Les jours de maladie mentale ne sont pas des «soins personnels» dans le sens de s'offrir une journée de spa relaxante et luxueuse. Comme pour les congés de maladie, ce sont des outils pour fournir les soins, le repos et la récupération nécessaires lorsque la maladie rend impossible la productivité. Tout comme les jours de maladie, ils nous aident à retrouver notre rythme plus rapidement que si nous essayions de nous muscler.

Il peut être difficile de prendre un jour de congé maladie, quelle que soit la raison – notre culture a beaucoup de pression pour rester «en permanence». Voici quelques points à prendre en compte pour vous aider à savoir quoi dire et comment le dire:

  • En savoir plus sur les règles et les politiques de votre entreprise. Si vous manquez de congés de maladie ou si vous avez besoin d’aide pour comprendre le protocole, vous pouvez parler avec les ressources humaines. Si vous faites partie des ~ 30% des travailleurs américains qui n’ont pas de congé de maladie payé, cette équation est encore plus compliquée (et frustrante!). Vous êtes peut-être admissible à des prestations en vertu de la loi sur le congé médical pour la famille (FMLA) ou de la loi américaine sur les personnes handicapées (ADA). Il est donc utile de mener une enquête.

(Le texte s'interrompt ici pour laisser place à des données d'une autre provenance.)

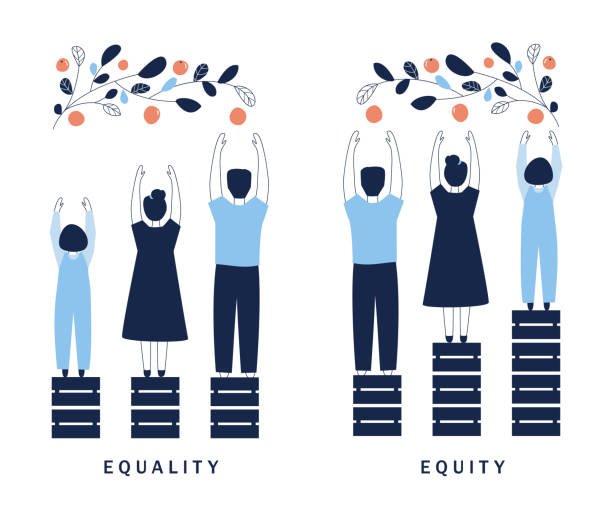 Equality and Equity Concept Illustration. Human Rights, Equal Opportunities and Respective Needs. Modern Design Vector Illustration Equality and Equity Concept Illustration. Human Rights, Equal Opportunities and Respective Needs. Modern Design Vector Illustration. justice concept illustrations stock illustrations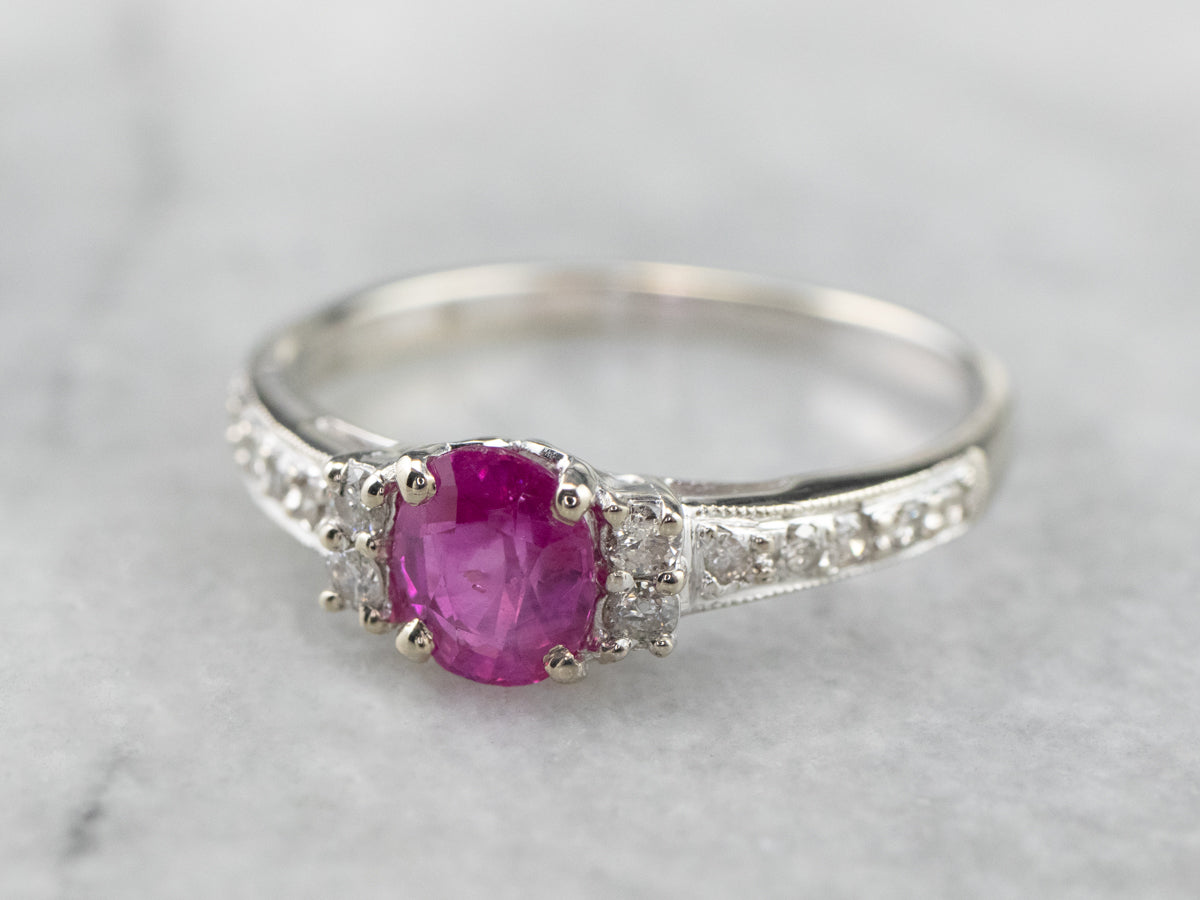 White Gold Ruby and Diamond Ring
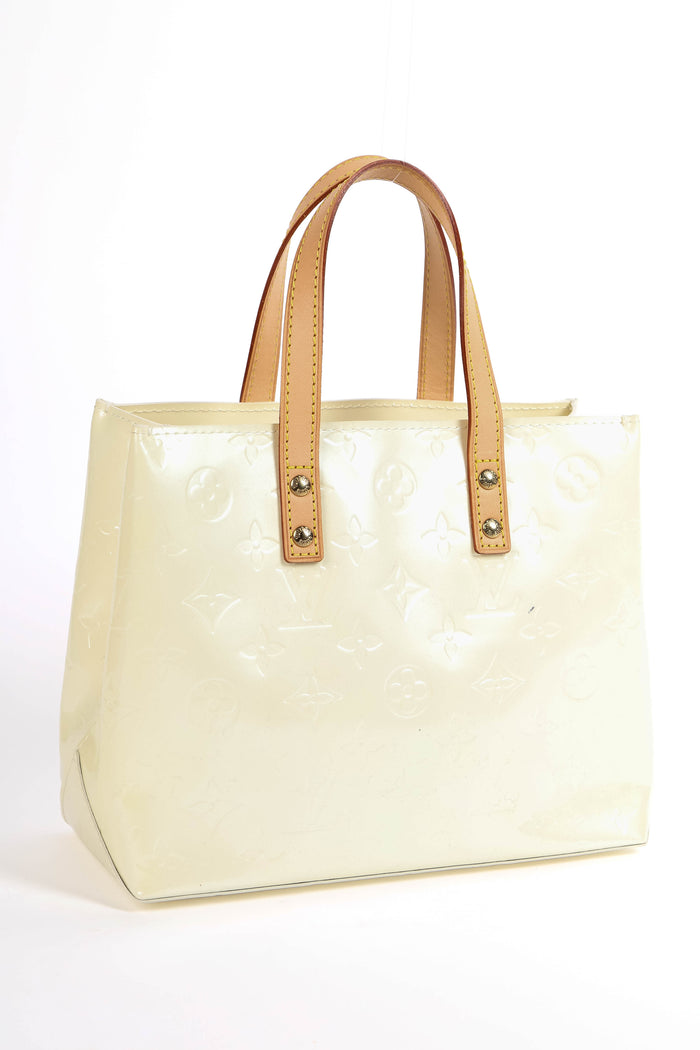 Vintage Louis Vuitton White Monogram Vernis Reed PM Tote Bag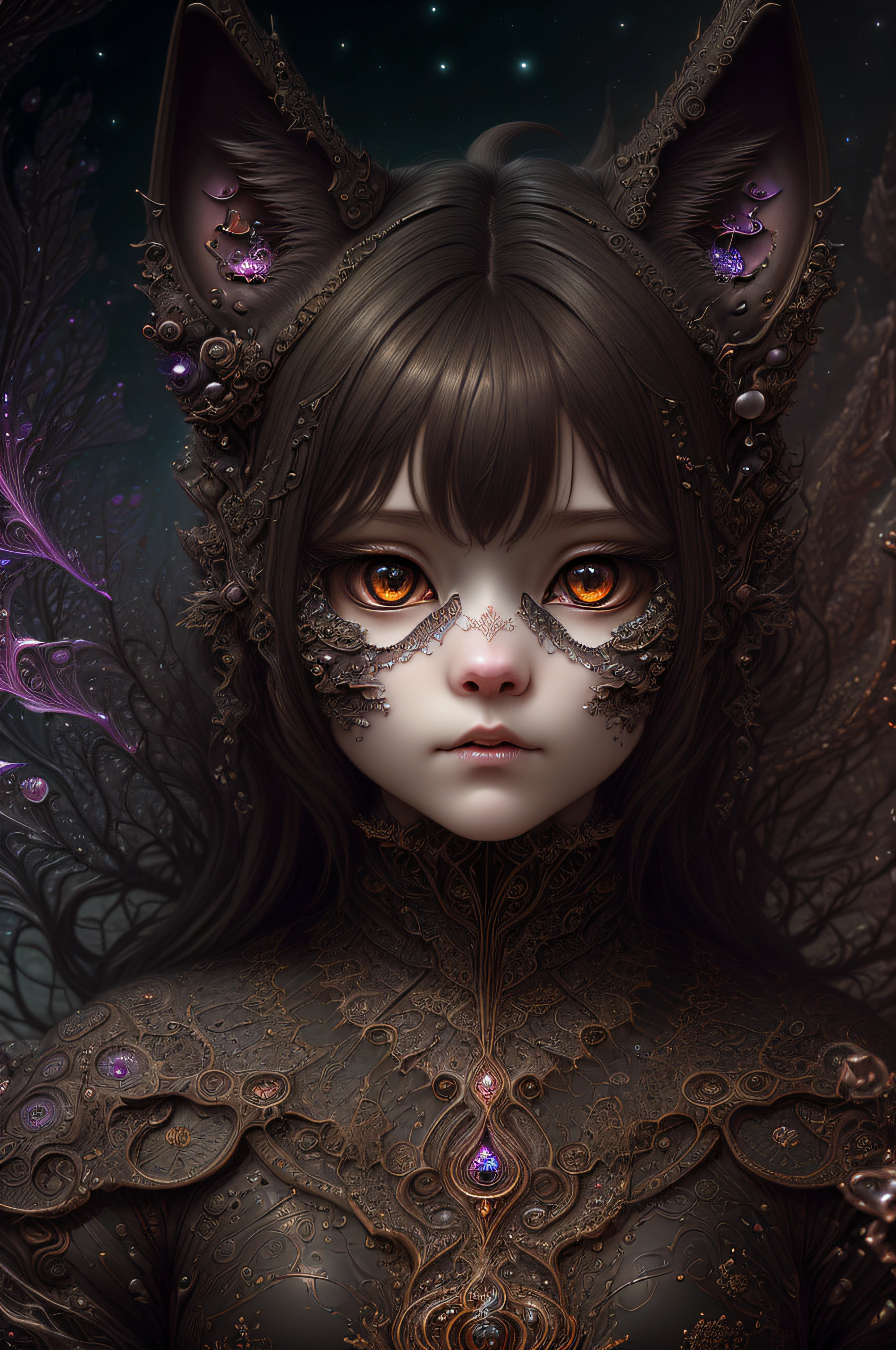 (absurdres, highres, ultra detailed), 1girl, solo, extremely detailed eyes, (official art, beautiful and aesthetic:1.2), (dark art,erosion,fractal art :1.3), colorful, horror,highest detailed, (fluffy cat ears)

  • N'oubliez pas que, parfois, la culture de l'entreprise et de l'équipe ne concerne pas uniquement les règles officielles. Certains gestionnaires peuvent vous dissuader de prendre des congés de maladie, même s'ils sont autorisés et payés. C'est boiteux et une très mauvaise stratégie pour garder de bons employés, mais cela arrive. Faites attention aux commentaires négatifs sur les autres qui prennent des jours de maladie, ou de petites allusions laissées tomber sur les jours de maladie en tant que faiblesse. Essayez d'être préparé. Si vous craignez que votre responsable n’abuse de la politique en matière de congés de maladie, il est peut-être temps de poursuivre la discussion avec les ressources humaines.
  • N'oubliez pas que votre travail et celui de votre entreprise ne vont pas s'effondrer si vous vous donnez le temps de vous reposer. En fait, travailler lorsque vous êtes malade, fatigué et que le brouillard vous fait mal peut conduire à des erreurs plus dommageables et plus difficiles à récupérer que de ne pas rester pour un moment.
  • Sachez comment votre patron veut que vous leur disiez. Certains préfèrent un email sans détail, d'autres préfèrent un appel téléphonique. Vous n’avez pas à décrire vos symptômes à l’avance, ni même à dire si votre maladie est physique ou mentale. Bien que votre patron soit légalement autorisé à demander, beaucoup ne le font pas. Un simple "Je suis trop malade pour venir aujourd'hui" devrait faire l'affaire.
  • Comprenez les sentiments de votre responsable concernant le travail occasionnel à domicile. Parfois, on se sent assez bien pour faire un travail, mais trop déprimé pour faire beaucoup d'humain. Si le contenu face à face est hors de portée, mais que vous pensez pouvoir travailler de manière isolée, cela pourrait être un bon outil.
  • Surtout si vous savez que votre état de santé est susceptible de justifier une journée de maladie mentale, faites tout votre possible pour être aussi préparé que possible et aider votre équipe à vous couvrir pendant votre absence.